TASK TO COMPLETE: Please return each entry that follows exactly as written, and keep the pictures out.

SOURCE MATERIAL:
◇ ◇ ◇ ◇ ◇

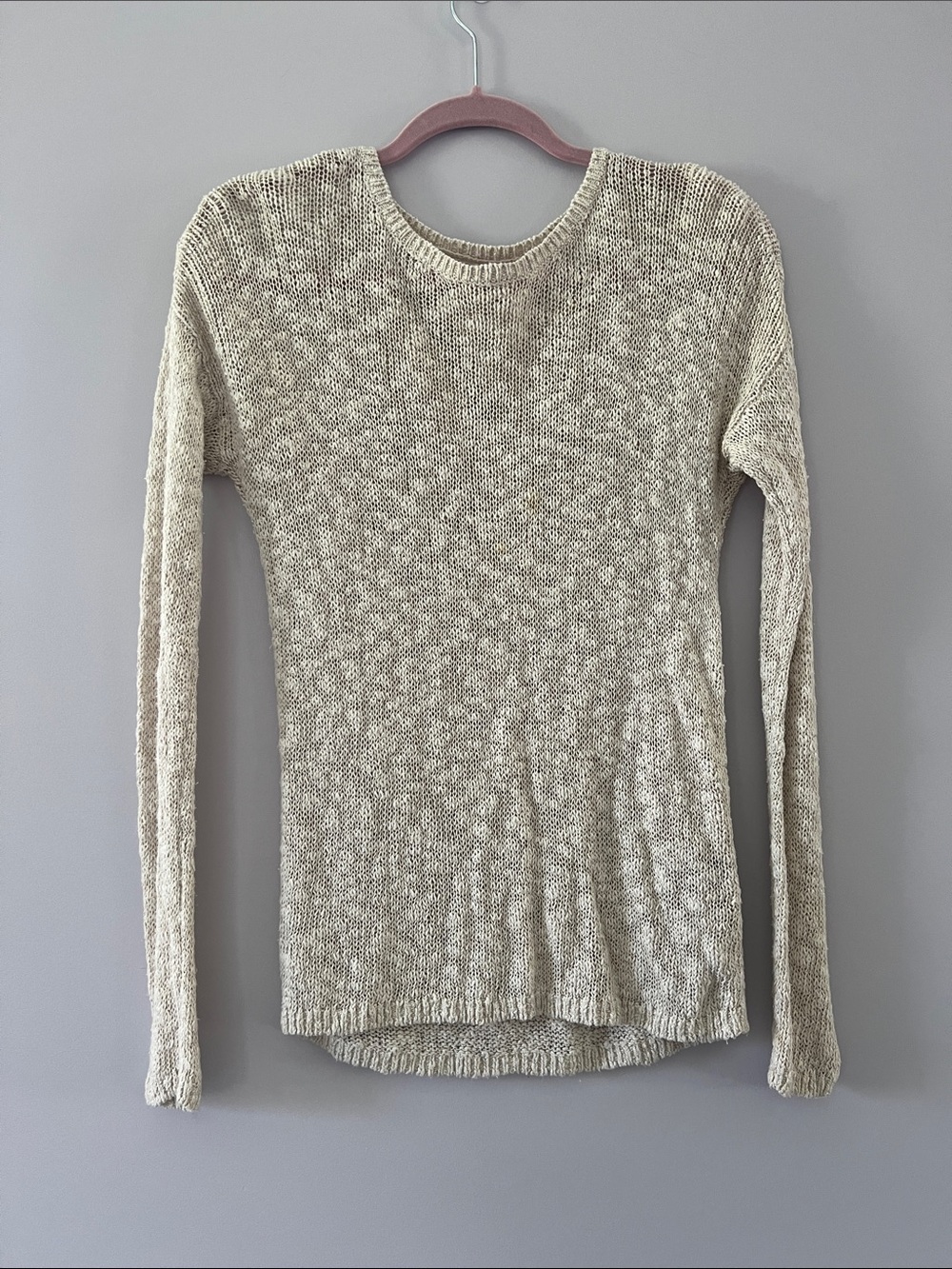 Hollister Open-Knit Crewneck Sweater in Cream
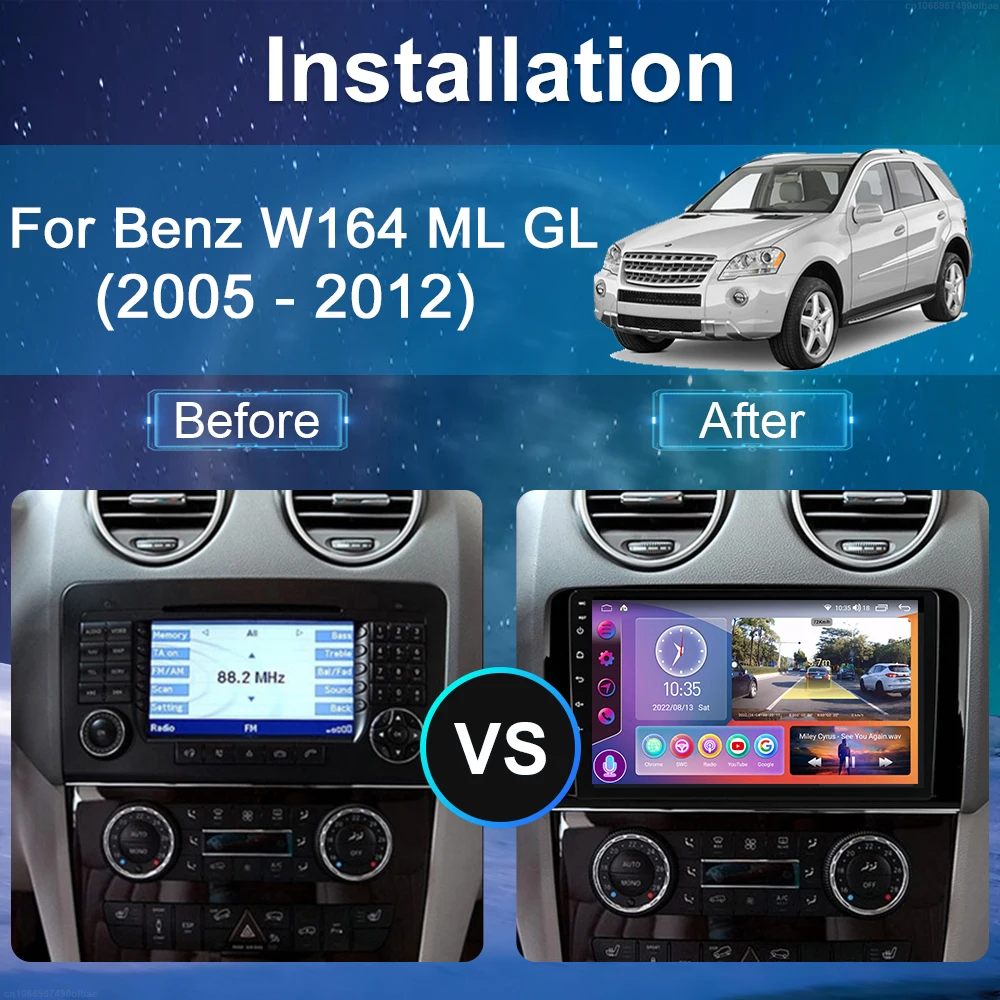 For Mercedes Benz ML GL W164 ML350 ML500 GL320 X164 ML280 GL350 GL450 Android Car Radio Multimedia Player Carplay Auto Stereo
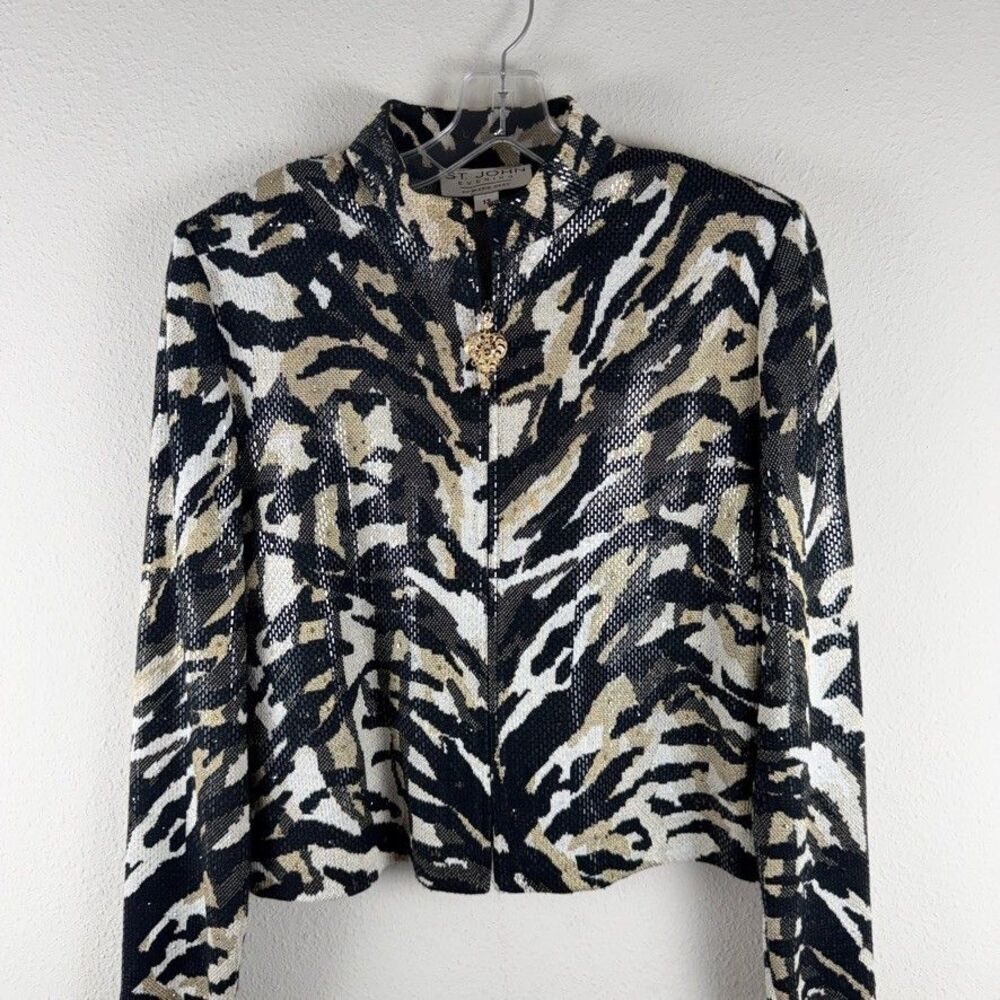 St John Evening Womens 12 Sequin Tiger Face Knit Jacket Blazer Full Zip Back - Picture 2 of 14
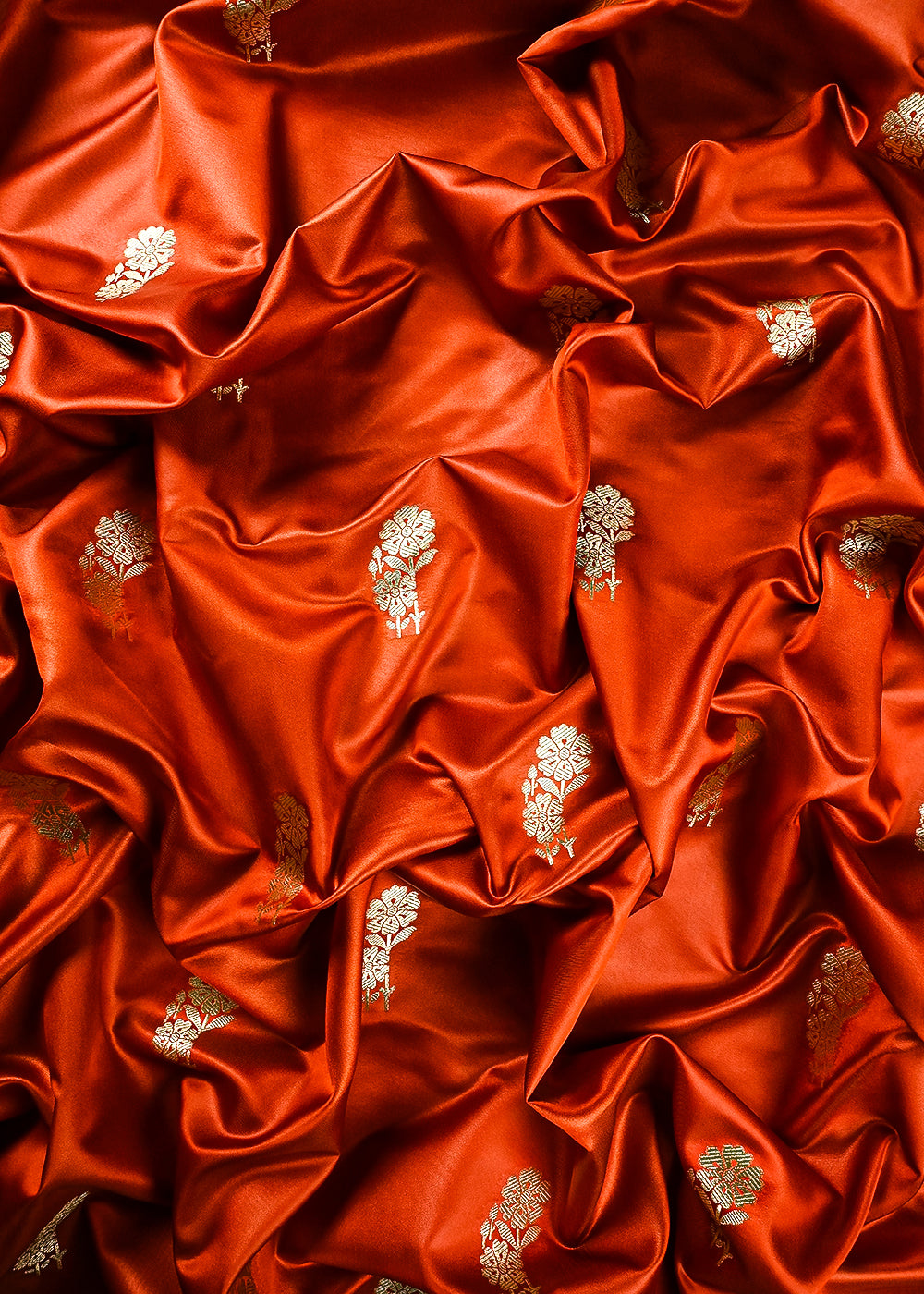 Rust Banarasi Brocade Fabric With All Over Zari Handloom 25728
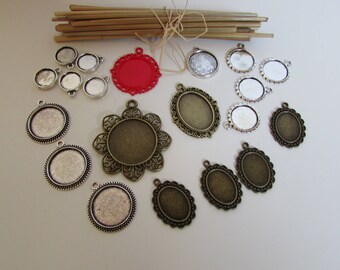 Support cabochon - 8 pendant 20 models - metal - ref 300.24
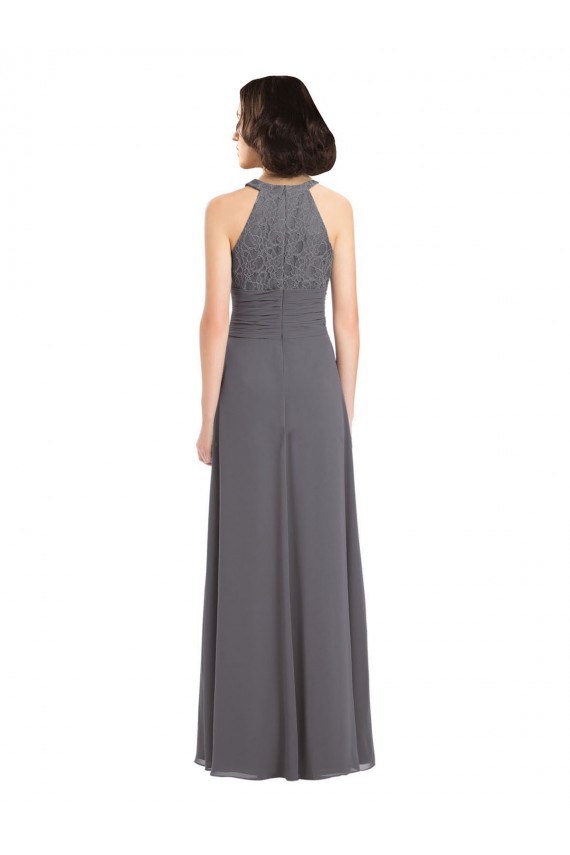 Sleeveless Halter Neck Soft Chiffon & Lace A-Line Bridesmaid Dress Newcastle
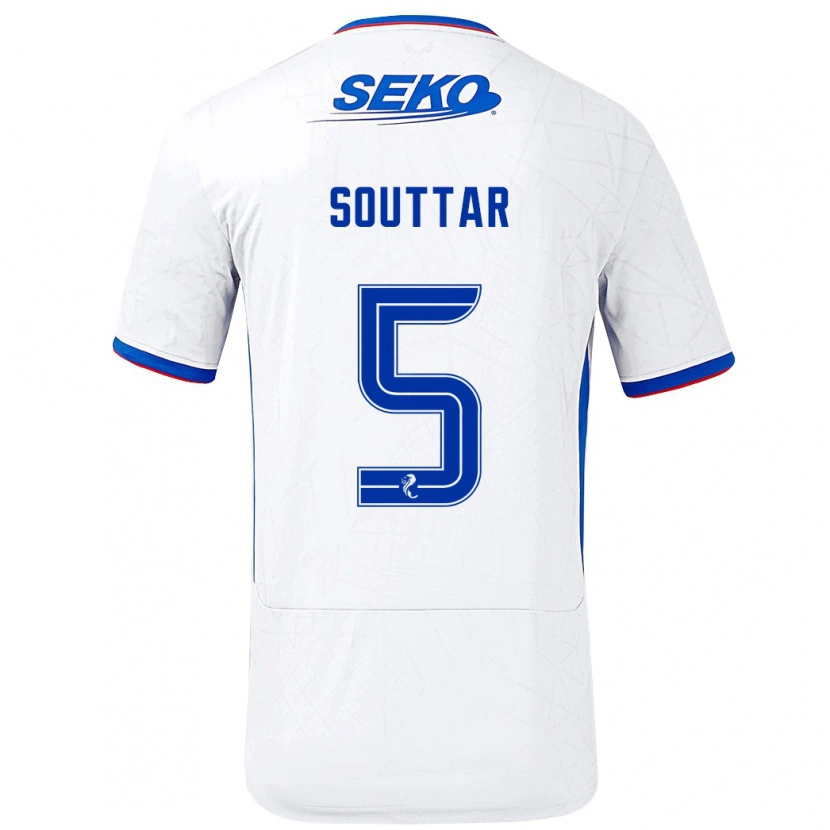 Danxen Mænd John Souttar #5 Hvid Blå Udebane Spillertrøjer 2024/25 Trøje T-Shirt
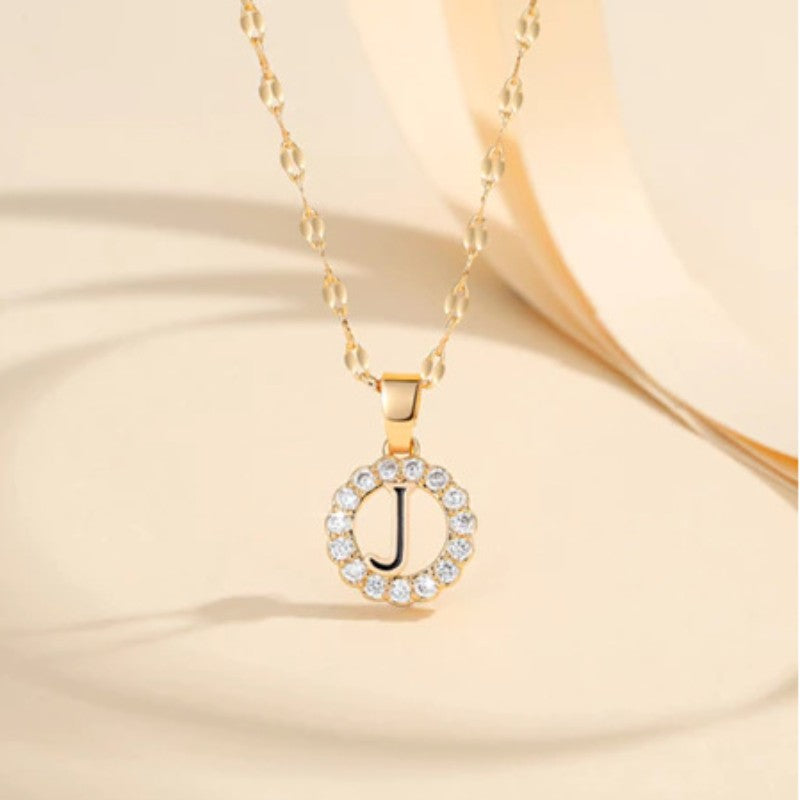 Crystal Halo Initial Pendant Necklace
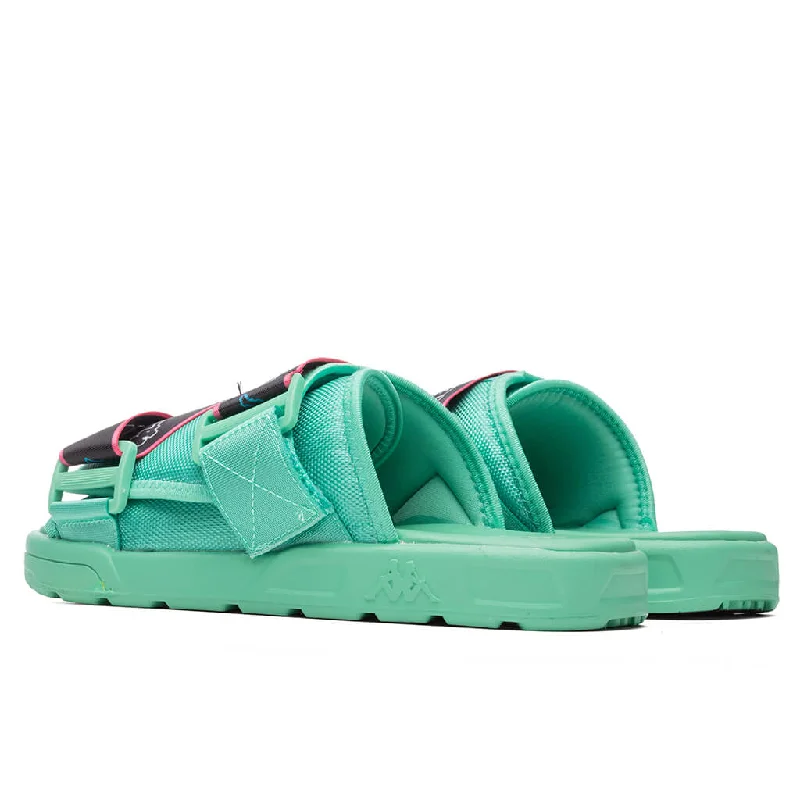 Logo Tape Kalpi Sandals - Light Green/White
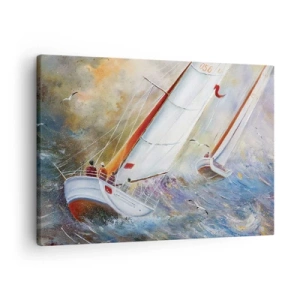 Vászonkép - Vitorlások durva hullámokon dinamikus kompozícióban - 70x50cm - A hullámokon futók  - Modern fali dekoráció nappalihoz és hálószobához ARTTOR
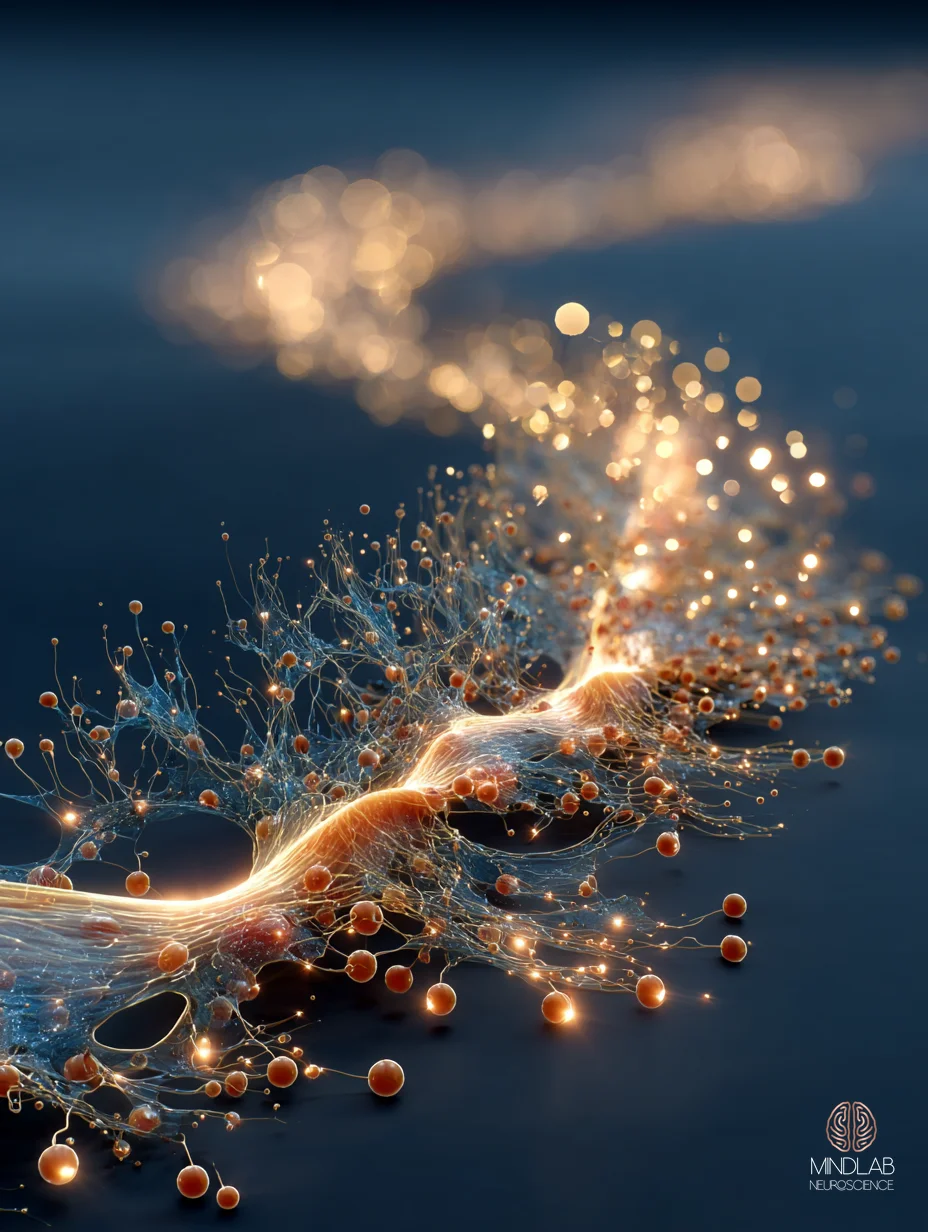 A single sharp-wave ripple firing across the CA1 pyramidal layer rendered as luminous copper striations – Dr. Sydney Ceruto, MindLAB Neuroscience.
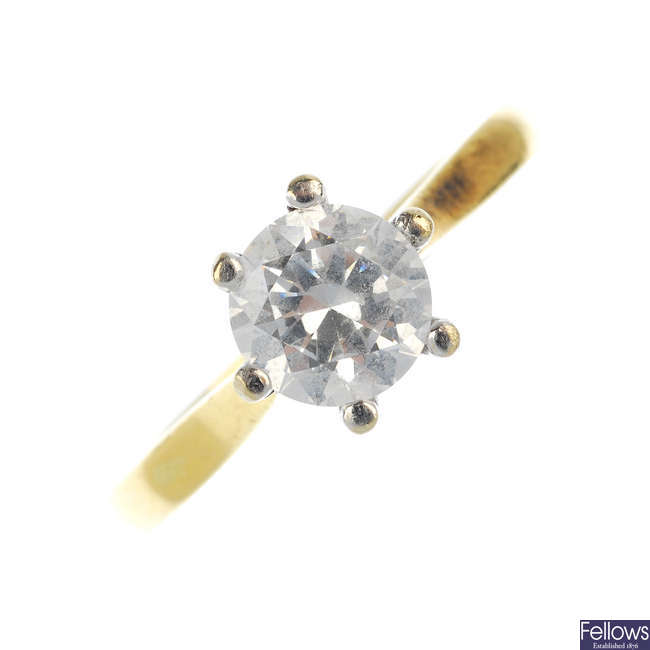 A cubic zirconia single-stone ring.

◇ ◇ ◇ ◇ ◇

FINAL ANSWER:
 Hollister Open-Knit Crewneck Sweater in Cream
 For Mercedes Benz ML GL W164 ML350 ML500 GL320 X164 ML280 GL350 GL450 Android Car Radio Multimedia Player Carplay Auto Stereo
 St John Evening Womens 12 Sequin Tiger Face Knit Jacket Blazer Full Zip Back - Picture 2 of 14
 Rust Banarasi Brocade Fabric With All Over Zari Handloom 25728
 Support cabochon - 8 pendant 20 models - metal - ref 300.24
 Sleeveless Halter Neck Soft Chiffon & Lace A-Line Bridesmaid Dress Newcastle
 Danxen Mænd John Souttar #5 Hvid Blå Udebane Spillertrøjer 2024/25 Trøje T-Shirt
 Crystal Halo Initial Pendant Necklace
 Logo Tape Kalpi Sandals - Light Green/White
 Vászonkép - Vitorlások durva hullámokon dinamikus kompozícióban - 70x50cm - A hullámokon futók  - Modern fali dekoráció nappalihoz és hálószobához ARTTOR
 A single sharp-wave ripple firing across the CA1 pyramidal layer rendered as luminous copper striations – Dr. Sydney Ceruto, MindLAB Neuroscience.
 A cubic zirconia single-stone ring.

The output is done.